UP registers two cases under new anti-conversion law
text_fieldsLucknow: The Uttar Pradesh police has registered two cases under the controversial Unlawful Religious Conversion Ordinance since its promulgation on Friday. However, the police has invoked the provisions under the new law for the cases registered much earlier.
The first case, was registered at Deorania police station on Saturday in Bareilly, which had originally been registered in 2019.
Dainik Baskar reported that a youth named Uvais was accused of luring the girl to convert. The accused is charged with coercion, undue influence, intimidation among others in the case.
According to reports, the police is searching for the accused who is absconding from home.
The girl, who lives in a village in Deoria was acquainted with Uvais. Both studied in the same college till inter. Family of the girl accuse Uvais of harassing her even after the girl moved to another college for further studies.
Despite the family's effort to withdraw the youth from the attempt, he refused to give-up. Eventually, the girl was married off to another guy in May. However, the Uvais continued to harass her and the family.
The Hindu quoted the girl's brother as saying that the family had not approached the police for the latest FIR, but that it was the police which came to their house to question them about the earlier case.
"Police came to our house. And said there was an old file lying (with them). Police told me they are taking him (father) to the police station for questioning for some investigation," the Hindu quoted him as saying.
The second case was registered on Monday at Izatnagar police station in Bareilly, according to Aaj Tak. As per the complaint, a marriage was consummated under fake identity. Although the case was registered earlier, new charges under the ordinance were imposed on the accused after promulgation of the ordinance.
Under the new law, coerced religious conversions will be treated as cognizable and non-bailable offences, with penalties up to 10 years in jail if the accused is found to have married through "misrepresentation, force, undue influence, coercion, allurement or other allegedly fraudulent means". Other violations in the law also mention that the guilty can be imprisoned for over a year extendable to five years with a fine of Rs 15,000. In case of unlawful conversion of a minor, or a woman of a Scheduled Caste or Scheduled Tribe community, the punishment could be extended to 10 years with a fine of Rs 25,000.
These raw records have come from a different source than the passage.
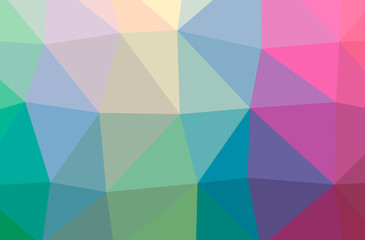 Illustration of abstract Blue, Green, Yellow And Red horizontal low poly background. Beautiful polygon design pattern.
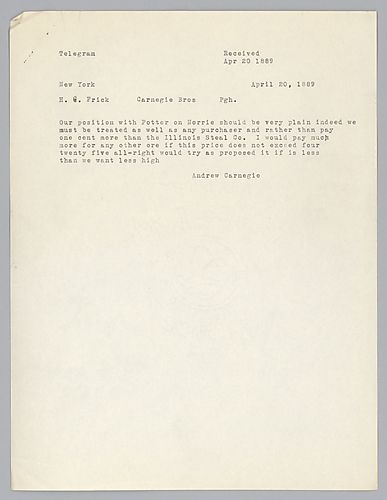 Writing from New York, Carnegie discusses the purchase and price of ore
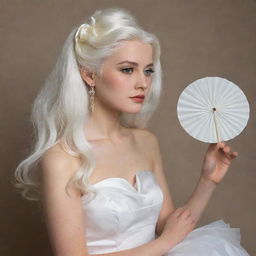 An enchanting Pomba Gira with long, white hair, and a white dress. She has a white rose tucked behind her ear, holding a white fan and a cigarette.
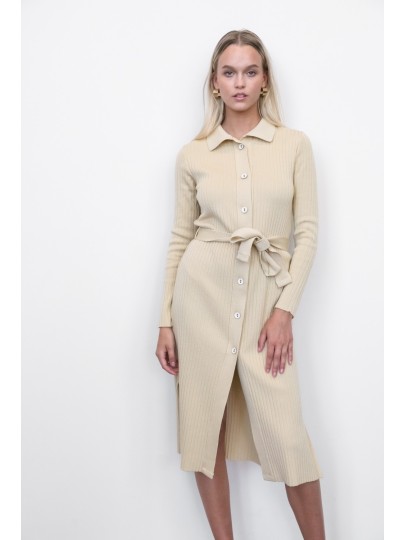 Olivia K beige merino cardigan-dress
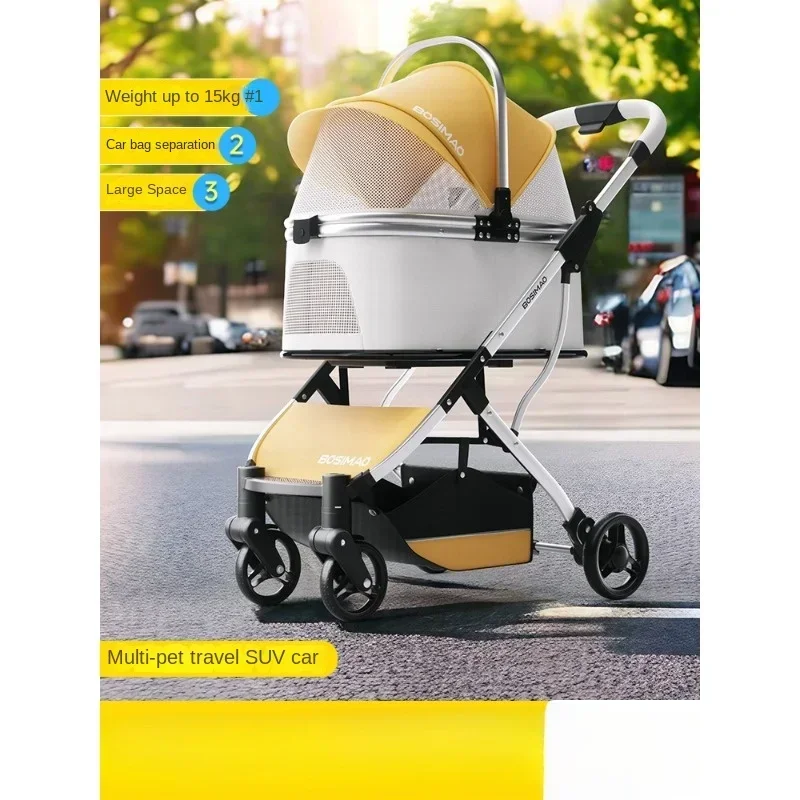 

Lightweight Foldable Pet Stroller for Small and Medium Dogs, Cats - Easy to Push Outdoor Dog Cat Carrier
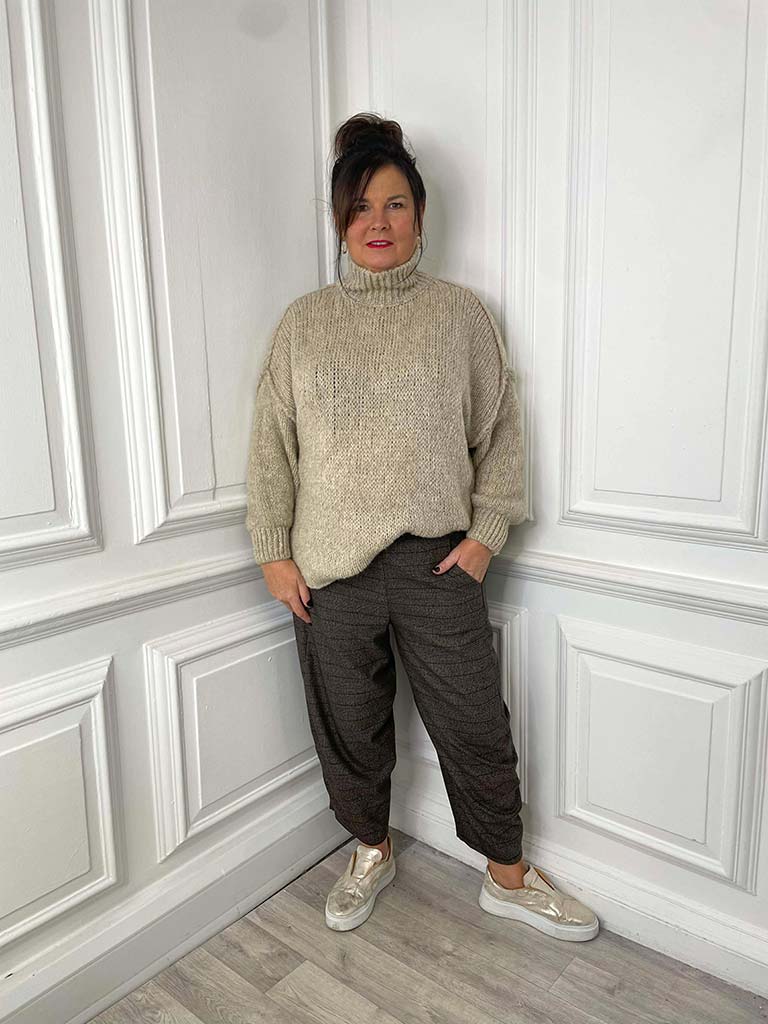 Cocoon Plaid Trousers - Chocolate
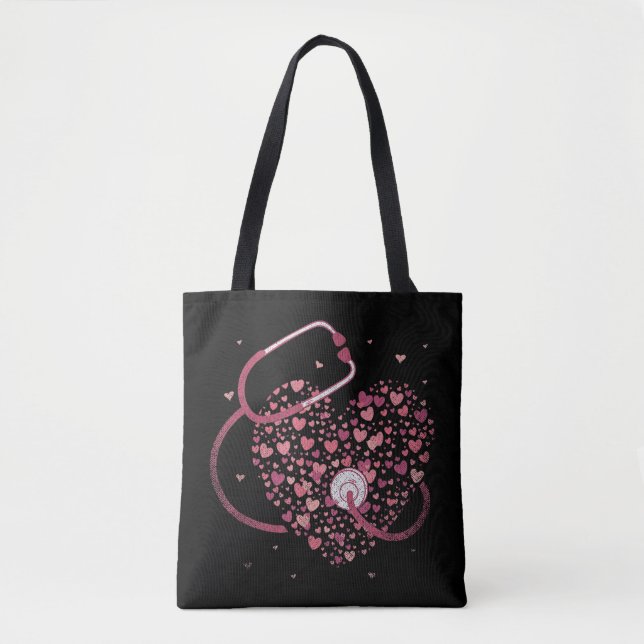 Bolso De Tela Medicina Regalo Estetioscopio Enfermera cardíaca S (Anverso)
The law has stirred controversy across the country and many have raised concerns fearing the law may be devised against Muslim youth.
BSP supremo Mayawati on Monday demanded the UP government to reconsider the law.
"The new ordinance introduced in haste by the UP government against love jihad is riddled with doubts since religious conversion through compulsion or fraud has found no acceptability or respectability anywhere in the country," BSP chief said today in a Hindi tweet.
Meanwhile former Supreme Court judge Justice Madan B Lokur criticized the ordinance and described it as "placing on the backseat the freedom of choice and dignity".
Justice Lokur was delivering the Seventh Sunil Memorial Lecture held on November 29.
"Although 'love jihad' has no definition, one chief minister has defined it as 'Jihadis playing with the honour and dignity of our sisters and daughters by hiding their real names and identities'. Another chief minister went to the extent of saying that 'if these Jihadis don't mend their ways, it is the beginning of the journey to their graves'. Is this possible death sentence already pronounced sanctioned under the Constitution or by the law? This seems to be a resurgence of the trend of mob lynching...What about the freedom of choice? Why not declare a war on child marriage, which by definition is a forced marriage?", asked Justice Lokur.
"Our carefully-crafted dignity jurisprudence which has been assiduously developed by the Supreme Court over years is being given a cremation of the Hathras kind", he said.